((

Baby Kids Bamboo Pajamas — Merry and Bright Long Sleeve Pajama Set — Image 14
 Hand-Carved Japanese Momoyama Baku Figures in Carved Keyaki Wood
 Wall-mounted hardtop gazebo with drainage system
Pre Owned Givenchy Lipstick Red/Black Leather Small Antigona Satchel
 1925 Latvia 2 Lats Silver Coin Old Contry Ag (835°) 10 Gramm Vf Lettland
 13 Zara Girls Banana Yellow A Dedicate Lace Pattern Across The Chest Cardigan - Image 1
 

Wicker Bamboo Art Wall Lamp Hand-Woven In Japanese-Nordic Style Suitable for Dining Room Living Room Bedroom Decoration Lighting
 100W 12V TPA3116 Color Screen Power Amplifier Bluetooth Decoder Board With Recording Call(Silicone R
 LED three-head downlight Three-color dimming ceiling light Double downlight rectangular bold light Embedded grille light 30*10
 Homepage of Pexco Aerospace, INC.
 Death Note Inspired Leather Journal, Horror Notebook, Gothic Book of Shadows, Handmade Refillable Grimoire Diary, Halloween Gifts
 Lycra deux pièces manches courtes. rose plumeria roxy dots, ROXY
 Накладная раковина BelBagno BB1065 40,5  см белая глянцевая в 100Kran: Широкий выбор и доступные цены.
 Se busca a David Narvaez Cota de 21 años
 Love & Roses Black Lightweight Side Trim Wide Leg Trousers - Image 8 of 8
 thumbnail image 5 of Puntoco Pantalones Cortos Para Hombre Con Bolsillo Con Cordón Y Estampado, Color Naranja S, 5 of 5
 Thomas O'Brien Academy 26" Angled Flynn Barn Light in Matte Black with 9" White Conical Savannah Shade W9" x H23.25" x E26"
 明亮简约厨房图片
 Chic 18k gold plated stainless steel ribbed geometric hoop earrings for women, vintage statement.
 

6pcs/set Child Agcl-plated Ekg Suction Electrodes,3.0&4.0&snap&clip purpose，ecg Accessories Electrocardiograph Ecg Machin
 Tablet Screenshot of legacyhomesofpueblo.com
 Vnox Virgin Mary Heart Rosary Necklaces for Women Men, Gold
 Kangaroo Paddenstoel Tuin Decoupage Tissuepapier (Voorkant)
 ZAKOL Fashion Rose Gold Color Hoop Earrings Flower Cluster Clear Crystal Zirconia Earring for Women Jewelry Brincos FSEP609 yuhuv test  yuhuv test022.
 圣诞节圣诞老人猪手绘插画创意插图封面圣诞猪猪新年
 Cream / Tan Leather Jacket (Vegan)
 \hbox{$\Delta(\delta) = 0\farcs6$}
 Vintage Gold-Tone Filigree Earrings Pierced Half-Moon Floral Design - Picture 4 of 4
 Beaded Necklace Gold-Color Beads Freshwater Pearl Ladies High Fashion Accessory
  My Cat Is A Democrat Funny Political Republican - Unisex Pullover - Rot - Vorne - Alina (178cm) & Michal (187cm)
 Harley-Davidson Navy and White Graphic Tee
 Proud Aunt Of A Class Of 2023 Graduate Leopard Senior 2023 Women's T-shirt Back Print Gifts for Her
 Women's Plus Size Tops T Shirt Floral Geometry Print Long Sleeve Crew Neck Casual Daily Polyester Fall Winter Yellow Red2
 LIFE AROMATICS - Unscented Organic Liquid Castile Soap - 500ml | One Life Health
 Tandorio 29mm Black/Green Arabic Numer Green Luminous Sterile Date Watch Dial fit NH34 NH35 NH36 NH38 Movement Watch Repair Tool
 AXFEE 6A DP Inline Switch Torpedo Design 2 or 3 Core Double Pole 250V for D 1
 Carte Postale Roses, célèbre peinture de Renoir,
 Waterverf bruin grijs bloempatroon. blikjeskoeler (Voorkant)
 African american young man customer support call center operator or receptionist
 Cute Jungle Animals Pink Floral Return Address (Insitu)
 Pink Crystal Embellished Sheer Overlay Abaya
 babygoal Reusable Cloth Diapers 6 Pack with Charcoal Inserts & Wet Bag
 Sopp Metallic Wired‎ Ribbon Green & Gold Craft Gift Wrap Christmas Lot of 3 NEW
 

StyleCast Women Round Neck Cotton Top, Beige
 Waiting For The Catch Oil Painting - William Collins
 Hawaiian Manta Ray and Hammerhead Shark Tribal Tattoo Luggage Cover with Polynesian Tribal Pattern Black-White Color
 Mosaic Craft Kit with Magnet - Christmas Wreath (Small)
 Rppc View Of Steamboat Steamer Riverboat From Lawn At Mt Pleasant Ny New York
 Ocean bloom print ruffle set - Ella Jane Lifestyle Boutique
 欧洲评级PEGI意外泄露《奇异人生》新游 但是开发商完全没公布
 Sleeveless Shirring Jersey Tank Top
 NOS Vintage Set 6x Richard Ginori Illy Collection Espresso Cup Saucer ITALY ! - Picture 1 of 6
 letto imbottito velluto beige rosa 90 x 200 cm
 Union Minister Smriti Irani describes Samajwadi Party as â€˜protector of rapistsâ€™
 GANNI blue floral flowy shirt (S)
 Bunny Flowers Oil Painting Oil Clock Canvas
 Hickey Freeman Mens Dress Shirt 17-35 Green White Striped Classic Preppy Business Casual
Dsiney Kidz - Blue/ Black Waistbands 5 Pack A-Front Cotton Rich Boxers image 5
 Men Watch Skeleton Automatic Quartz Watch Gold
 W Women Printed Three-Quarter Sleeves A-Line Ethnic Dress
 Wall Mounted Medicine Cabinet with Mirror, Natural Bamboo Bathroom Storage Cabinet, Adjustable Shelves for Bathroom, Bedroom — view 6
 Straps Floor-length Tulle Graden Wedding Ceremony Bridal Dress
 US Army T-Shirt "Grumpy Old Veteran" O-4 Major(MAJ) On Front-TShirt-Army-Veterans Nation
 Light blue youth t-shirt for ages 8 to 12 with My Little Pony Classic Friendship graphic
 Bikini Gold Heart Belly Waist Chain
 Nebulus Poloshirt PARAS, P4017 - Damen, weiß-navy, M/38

))

▸ **ACTIVITY**
If a line above holds the word "Voorkant", copy it.

▸ **ANSWER SECTION**
 Kangaroo Paddenstoel Tuin Decoupage Tissuepapier (Voorkant)
 Waterverf bruin grijs bloempatroon. blikjeskoeler (Voorkant)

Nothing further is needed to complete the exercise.